Climate warming has slowed but, given the loading of heat-trapping greenhouse gases in the atmosphere, scientists have every reason to expect it will pick back up again very soon – perhaps in earnest.  But what if it doesn’t? Or what if takes 10 or 20 years or longer?

IPCC’s blockbuster report on climate science released today, largely ignores the possibility – however small – that the warming slow down might continue for a while. This is a risk that may backfire on its credibility if rapid warming doesn’t resume.

To be sure, the report was forthright about the fact the rate of surface warming has slowed over the last 10-15 years.

“…the rate of warming over the past 15 years (1998–2012; 0.05 [–0.05 to +0.15] °C per which begins with a strong El Niño, is smaller than the rate calculated since 1951,” the report says.

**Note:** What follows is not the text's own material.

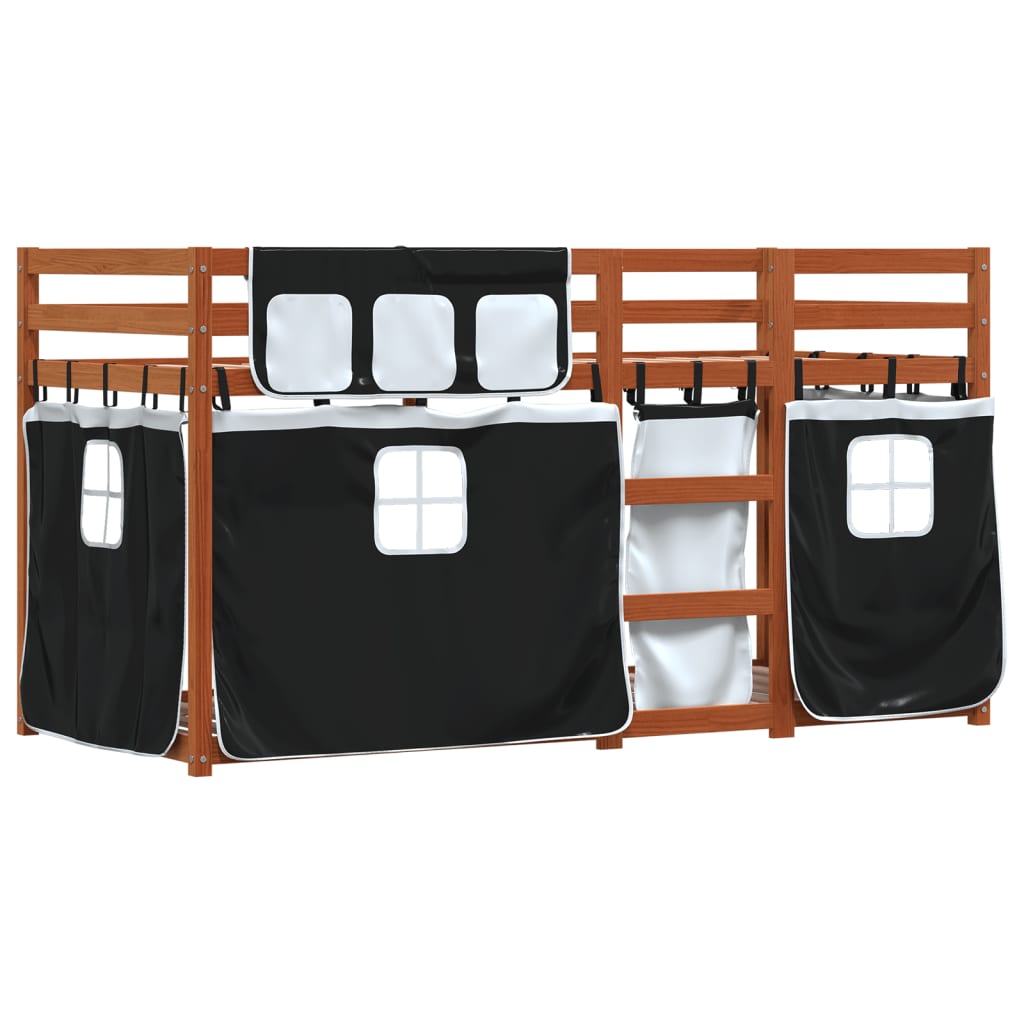 vidaXL Bunk Bed without Mattress White&Black 80x200 cm Solid Wood Pine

But the IPCC was a little more cryptic about the fact models haven’t predicted the current lull in climate warming.

In its section on the evaluation of climate models, it points out models may have difficulty simulating the course of temperatures over short time periods, but doesn’t directly discuss what’s happening here and now.  It merely says:

There are, however, differences between simulated and observed trends over periods as short as 10 to 15 years

Compare that statement to what was in the leaked draft report, in June, which was more direct:

Models do not generally reproduce the observed reduction in surface warming trend over the last 10–15 years

It turns out, models have simulated over four times as much warming compared to reality since 1998, according to a recent study in the journal Nature Climate Change, entitled: “Overestimated global warming over the past 20 years.”

In the spirit of transparency and keeping the public’s expectations in check, the IPCC might have wanted to simply say something to the effect of (but in much more scientific language)…

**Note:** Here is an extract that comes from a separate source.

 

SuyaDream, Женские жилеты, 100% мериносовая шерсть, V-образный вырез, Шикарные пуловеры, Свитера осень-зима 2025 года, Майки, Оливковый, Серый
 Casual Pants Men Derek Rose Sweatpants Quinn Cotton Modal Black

Global surface temperatures in the last 10-15 years have not warmed as fast as models projected.  The possible reasons for this are x, y, and/or z.  It is likely temperatures will resume warming at a faster clip, but if x,y, and/or z continue,  it is possible this warming may be further delayed and the models will have been wrong and require recalibrating.

To use an analogy, if I’ve predicted a snow storm of 6-12 inches  based on computer models and it snows 1-2 inches and then tapers to flurries – I’m nervous and the public, understandably, is beginning to question my forecast.  At that point I have two choices:

1) I can stubbornly stick with my forecast. In my reporting, I’d remain silent on the fact it’s barely snowing precisely at the time I had called for a raging blizzard – banking on the fact  it will snow like crazy any moment. (I’ve been there, done that, been wrong, and felt the pain.)


2) I can calmly explain why the snow has faded, why the models I relied on failed to show this, and then lay out the full suite of possibilities for the rest of the storm.

Taking the first approach may work the majority of the time, but the second approach is safer, more scientific and has a much lower risk of backlash.